# Losing Oil



## jmonee4 (Mar 27, 2007)

I recently changed the oil in my 01 passat, when I drained the oil only about 1 quart came out. I can not find any possible leak. After two months since doing the oil change, I found that I was low on oil again. WTF?!?!?! Where the hell is the oil going?


----------



## shipo (Jan 3, 2006)

*Re: Losing Oil (jmonee4)*

Please make very-very sure you didn't drain the oil from your transmission.


----------



## apostle 228 (Aug 14, 2007)

*Re: Losing Oil (shipo)*


_Quote, originally posted by *shipo* »_Please make very-very sure you didn't drain the oil from your transmission.

lmao


----------



## jmonee4 (Mar 27, 2007)

*Re: Losing Oil (shipo)*

um yea...no i didn't drain the transmission oil. I'm not a complete idiot. thanks though.


----------



## AZV6 (May 3, 2006)

*Re: Losing Oil (jmonee4)*

First off, how many miles on the car, what is your driving habits, oil using, any signs of smoke out the tail pipe or under load?
Could be a leak somewhere, maybe in breather system, possibly rings are bad and your getting a lot blow by. Valve stem seals are toast.
Many things could be causing this.


----------



## shipo (Jan 3, 2006)

*Re: Losing Oil (jmonee4)*


_Quote, originally posted by *jmonee4* »_um yea...no i didn't drain the transmission oil. I'm not a complete idiot. thanks though.

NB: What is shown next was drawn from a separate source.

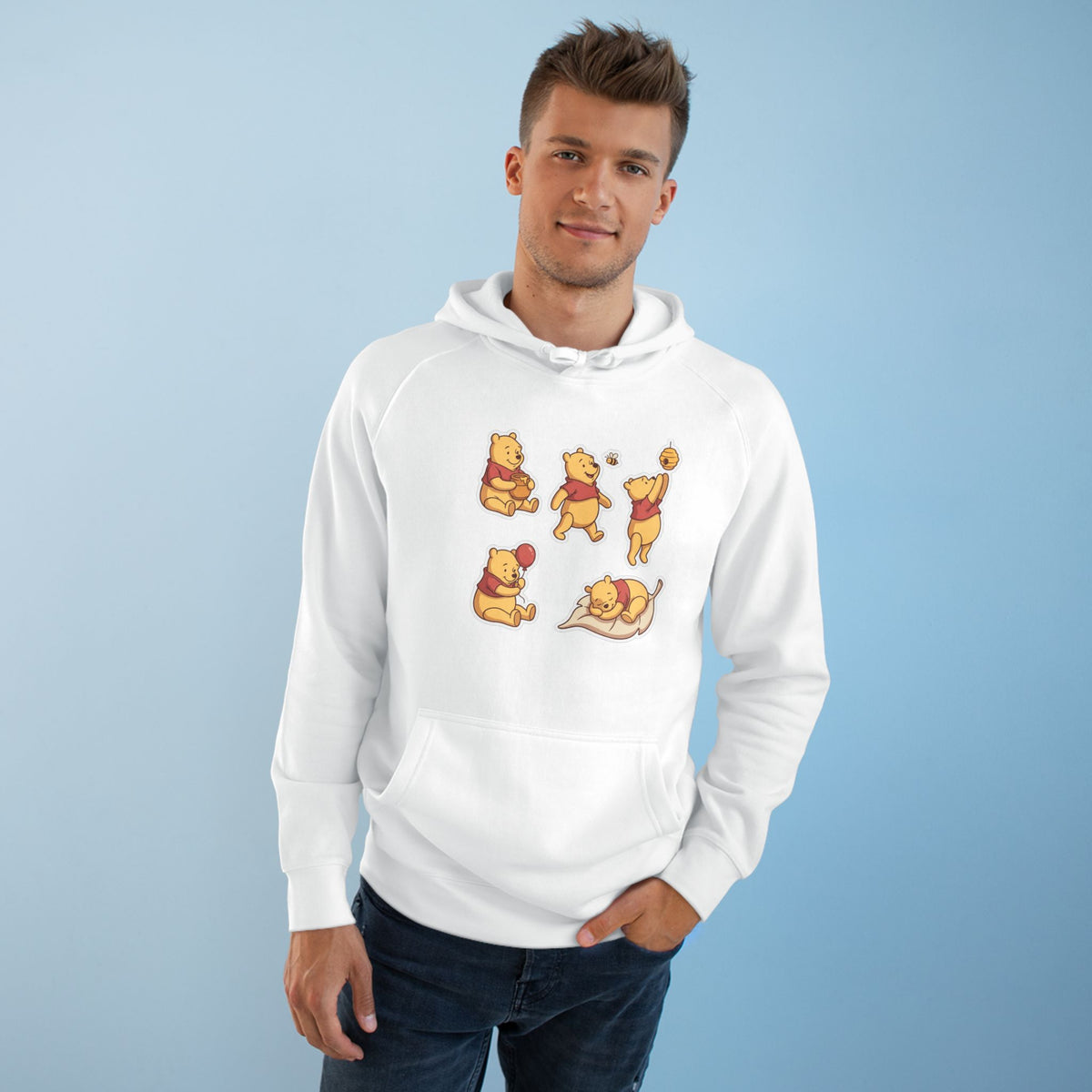 Playful Honey Bear Unisex Graphic Hoodie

Please understand that I didn't post that because I thought you were an idiot, I posted it because of the number of times I've read posts from folks who were more than a bit mechanically inclined and still drained the transmission instead of the engine.
While I've never been under your vintage of Passat, I've been led to believe that it is an easy mistake to make.


----------



## jmonee4 (Mar 27, 2007)

*Re: Losing Oil (shipo)*

oh no shipo... I was just being sarcastic. No harm done from your post. It was meant to be a smart a$$ reply, sorry if it was taken the wrong way.


----------



## jmonee4 (Mar 27, 2007)

*Re: Losing Oil (AZV6)*

I've got 131k miles on the car. Just normal big city driving. No racing. No smoke coming out of the car. Any way to test or check rings and valve stem?


----------



## ps2375 (Aug 13, 2003)

*Re: Losing Oil (jmonee4)*

how often do you check your oil level? or do you? I'd be checking at every fillup or more oftento get an idea of the rate of loss.


_Modified by ps2375 at 8:20 PM 10-7-2008_


----------



## jmonee4 (Mar 27, 2007)

*Re: Losing Oil (ps2375)*

i usually only check it when I'm about to take a long trip which is about every 6 or 8 weeks. So maybe once midway between oil changes.I haven't been low on oil before this last oil change.


----------